# [Provided records]
● ● ●

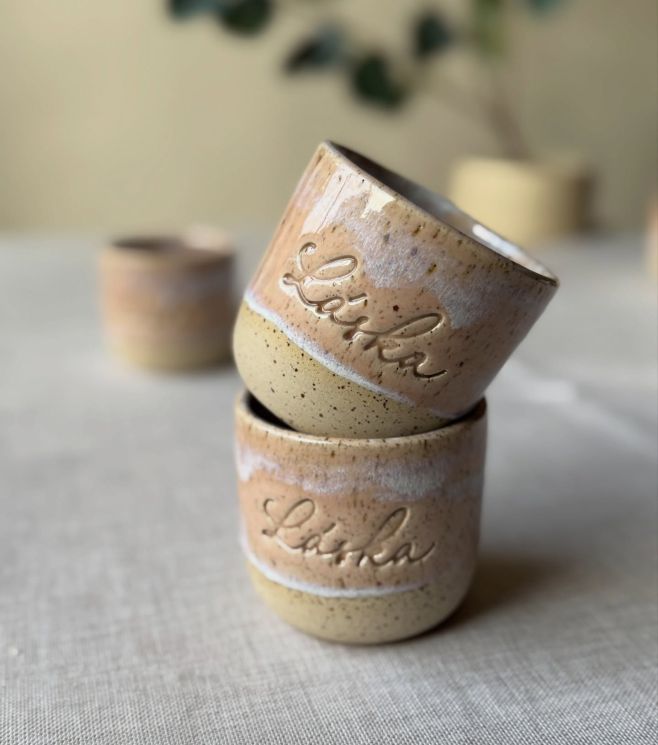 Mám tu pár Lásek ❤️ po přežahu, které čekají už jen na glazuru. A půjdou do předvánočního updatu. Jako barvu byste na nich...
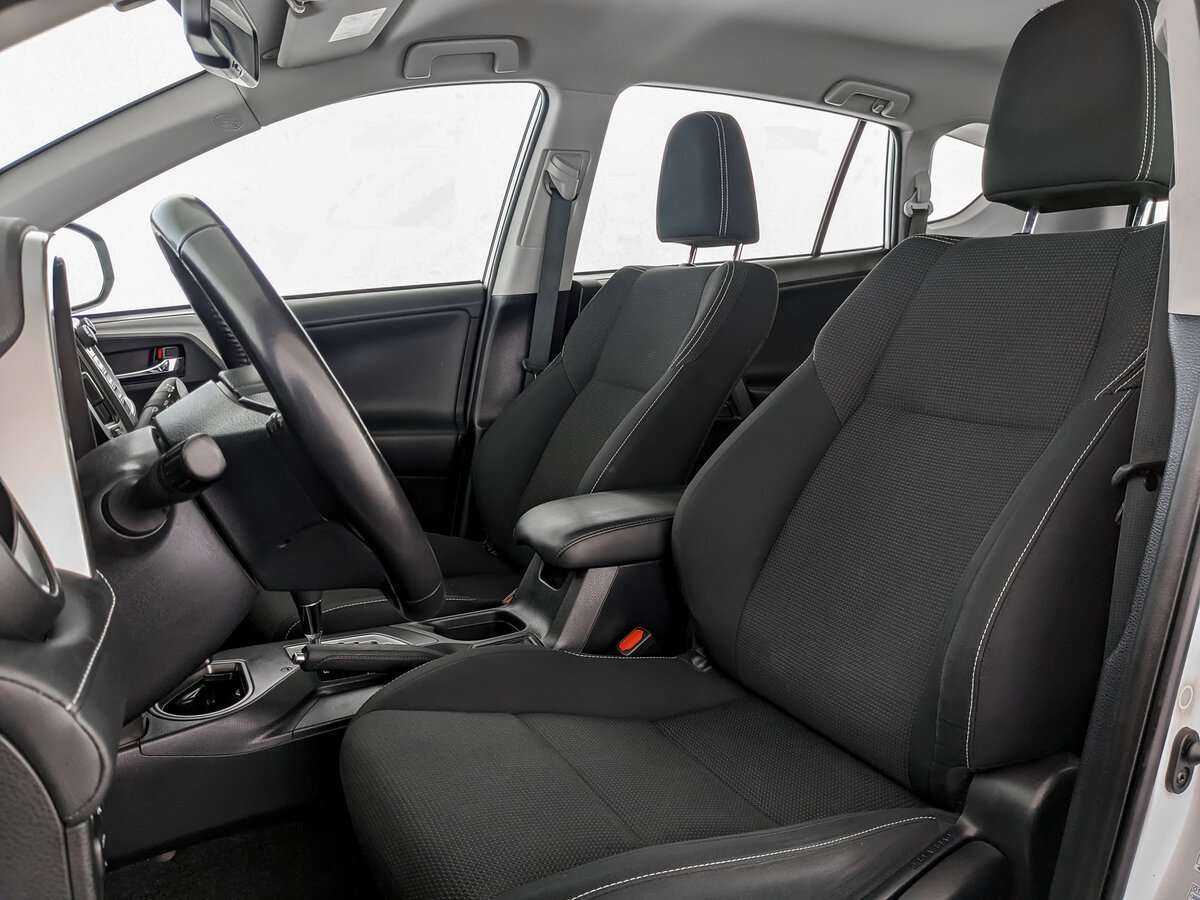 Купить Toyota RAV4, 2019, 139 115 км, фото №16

● ● ●

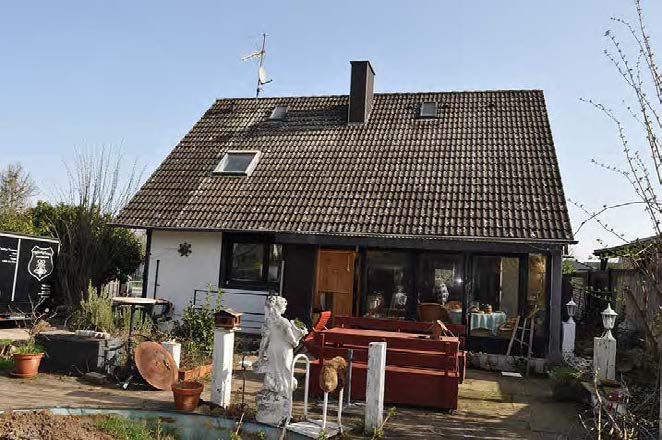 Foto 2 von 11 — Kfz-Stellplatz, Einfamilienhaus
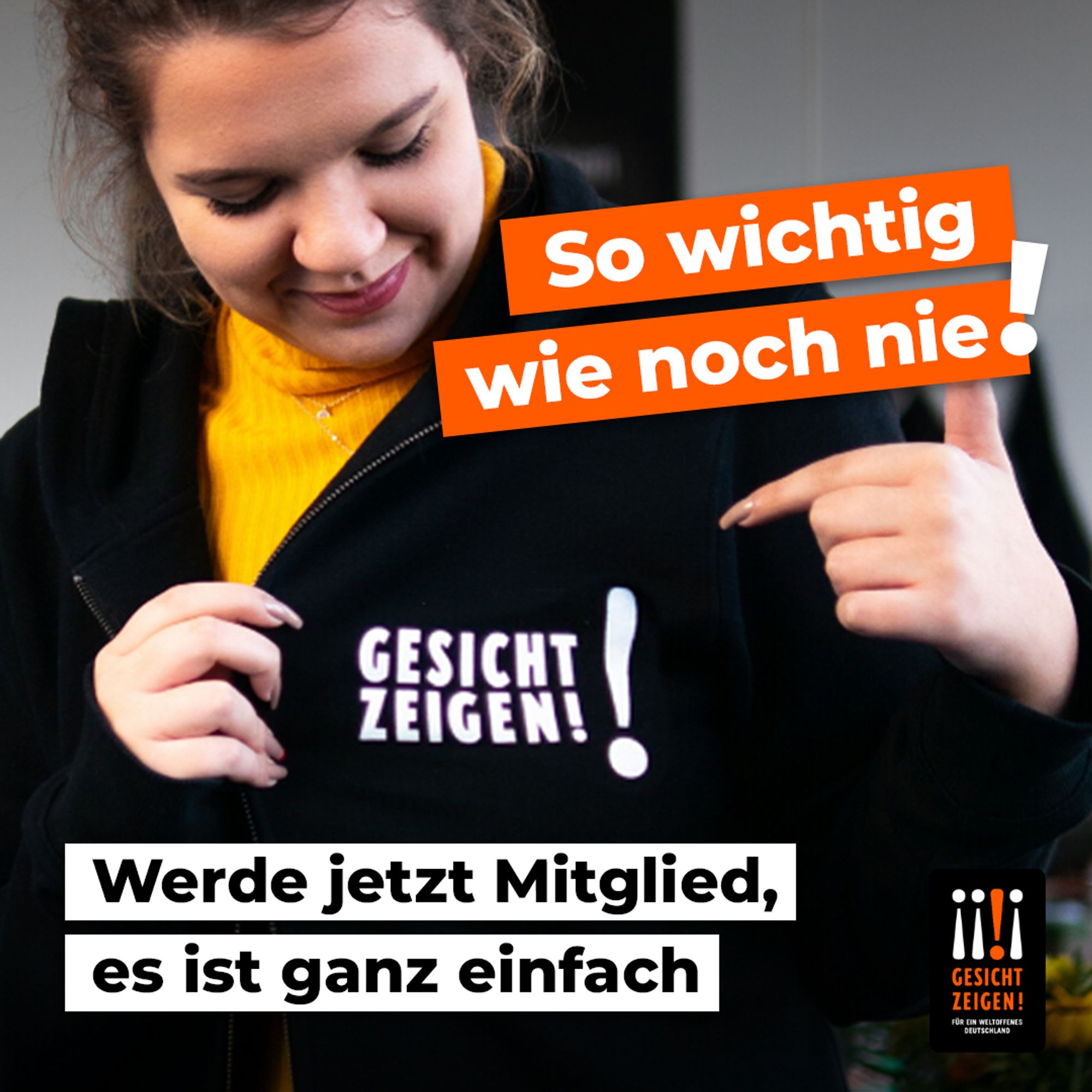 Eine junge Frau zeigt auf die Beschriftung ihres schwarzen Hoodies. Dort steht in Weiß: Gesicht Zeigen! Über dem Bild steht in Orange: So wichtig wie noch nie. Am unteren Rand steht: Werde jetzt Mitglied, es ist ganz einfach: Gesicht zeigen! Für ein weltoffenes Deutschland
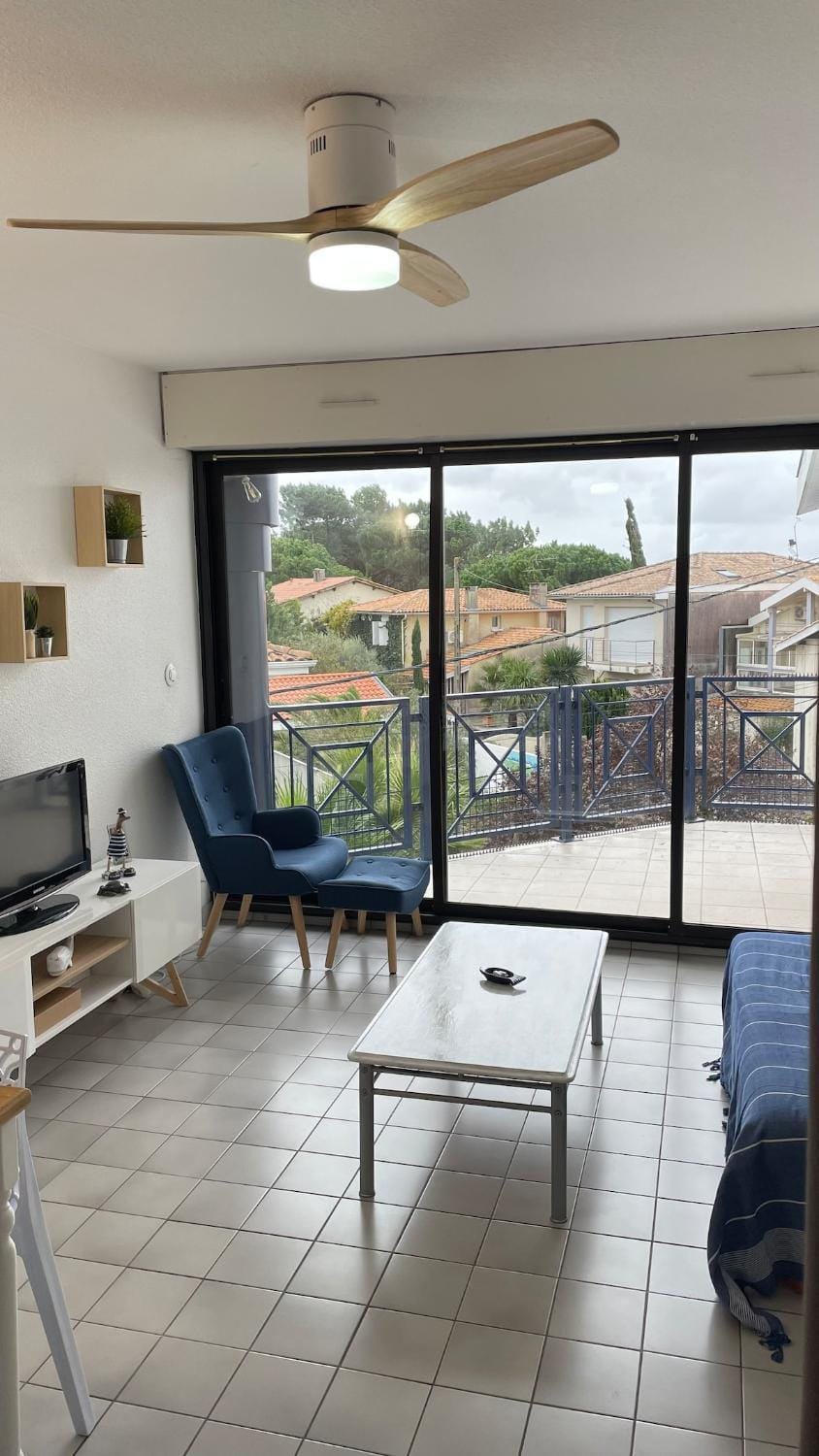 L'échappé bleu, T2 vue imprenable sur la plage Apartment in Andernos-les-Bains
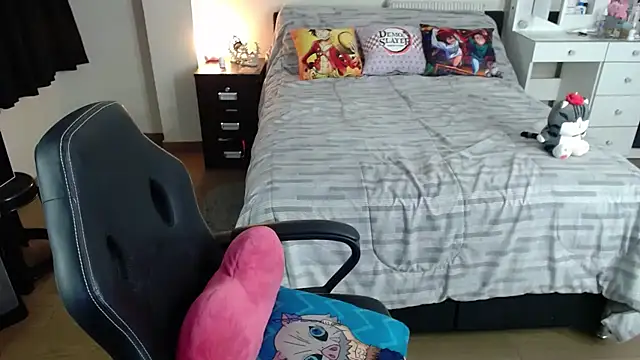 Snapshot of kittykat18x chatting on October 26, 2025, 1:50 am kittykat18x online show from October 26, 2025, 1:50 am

● ● ●

# [Your objective]
Whatever pictures the records hold, omit them; give again exactly the lines from the one containing "Foto 2 von 11" through the one containing "Snapshot of kittykat18x".

# [Output of the exercise]
 Foto 2 von 11 — Kfz-Stellplatz, Einfamilienhaus
 Eine junge Frau zeigt auf die Beschriftung ihres schwarzen Hoodies. Dort steht in Weiß: Gesicht Zeigen! Über dem Bild steht in Orange: So wichtig wie noch nie. Am unteren Rand steht: Werde jetzt Mitglied, es ist ganz einfach: Gesicht zeigen! Für ein weltoffenes Deutschland
 L'échappé bleu, T2 vue imprenable sur la plage Apartment in Andernos-les-Bains
 Snapshot of kittykat18x chatting on October 26, 2025, 1:50 am kittykat18x online show from October 26, 2025, 1:50 am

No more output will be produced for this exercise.